Aslında diğer beton çiçeklerin de ilginç bir hikayesi var benim için. 2012’de Roma’da yaşadığım dönemde Polonya’ya kampları gezmeye gitmiştim. İlk önce Majdanek adlı bir kampa gittim. Kamp iki kilometreydi ve tur rehberi yoktu. O yüzden turist gibi gezemiyorsun, tek başına geziyorsun ve çıkıyorsun. Korkunç bir yer, gerçekten çok ağır bir enerjisi var. En sonunda anıt mezarda, 40 bin kişinin külleri etrafında yürüyorsun. Dolanıyorsun, kuş bile uçmuyor, geri dönüş yolu iki kilometre, lanet bir yer ve o günden itibaren tabii ki bana rahatsız bir duygu geldi. Ben nasıl Auschwitz’e gideceğim; orası katbekat büyük diye düşündüm… 

Yine de Auschwitz’e çok korkarak gitsem bile yemyeşildi ve çok güzeldi. Orada bütün yaşananları bilmesem, huzuruna kapılırdım ve o anda ilk hissettiğim “Bayıldım ben buraya ya!” oldu ve utandım kendimden. Çünkü bayılamazsın böyle bir yere… Orada, ben hastalıklı güzellik kavramını gördüm. Orada içime güzelliği hastalandırmak fikri oturdu. Bu da bir süre sonra işlerimde tezahür etti. 

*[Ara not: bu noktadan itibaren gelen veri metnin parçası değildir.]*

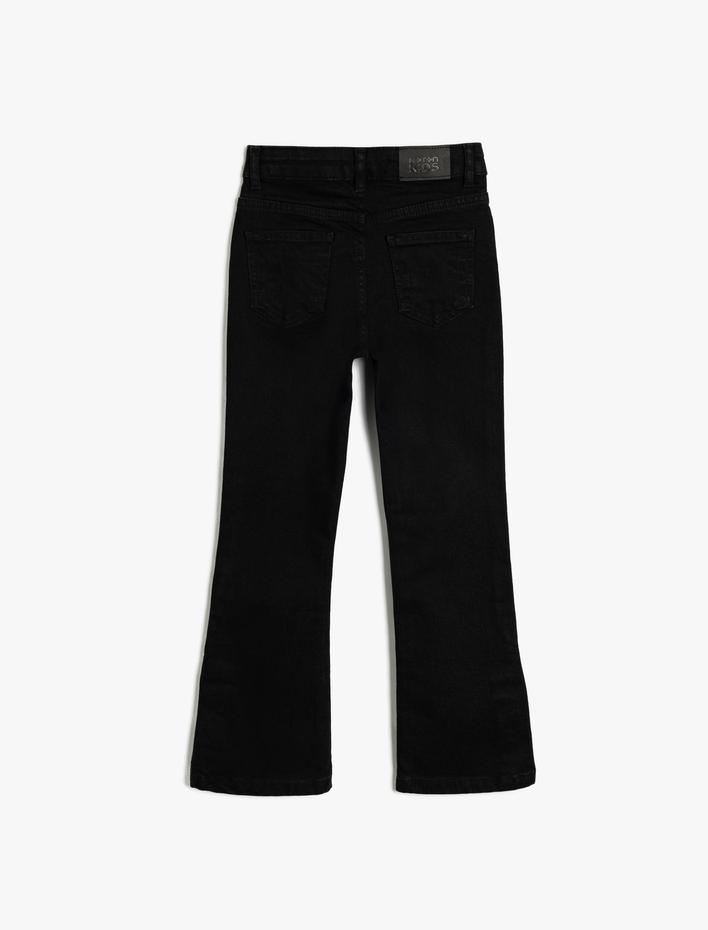 Kız Çocuk Normal Bel Yırtmaç Detaylı Pamuklu Kot Pantolon - Slim Jean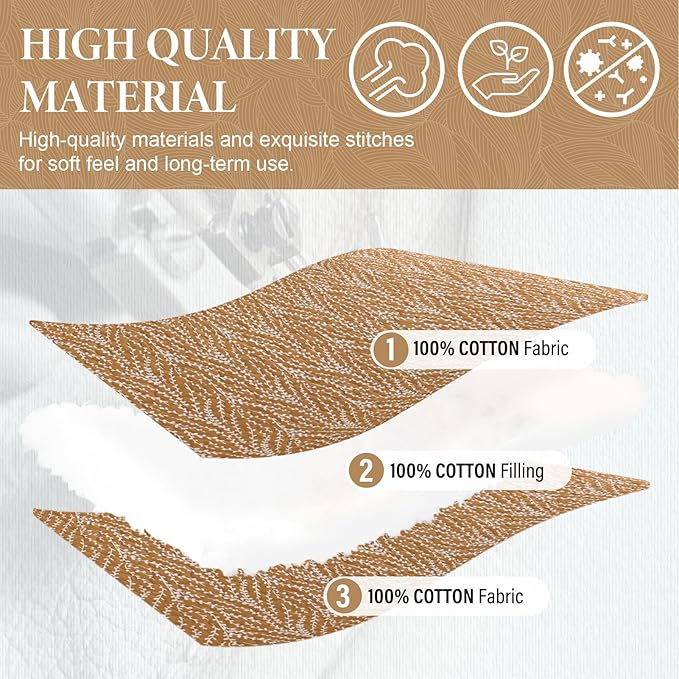 SahSahCasa Quilt Set King Size, 100% Cotton Quilt Bedding Set Bedspread - Image 5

Mesela bir betonun içinde çiçek gördüğümüzde, beton o çiçeğin ölümünü yavaşlatıyor. O çiçek can çekişerek ölüyor. O fotoğraflara bakan insanlar ilk önce “Ne kadar tatlıymış, çok güzel pespembe…” gibi tepkiler veriyorlar ki ben de bunu istiyorum. Zamanla orada onun böyle kıvranıp kıvranıp kıvranıp yer çekimine karşı gelemediğini ve düşmeye çalıştığını, rengini kaybettiğini gözlemliyorum ve bana bu yaklaşımları hatırlamamız gerekiyormuş gibi geliyor.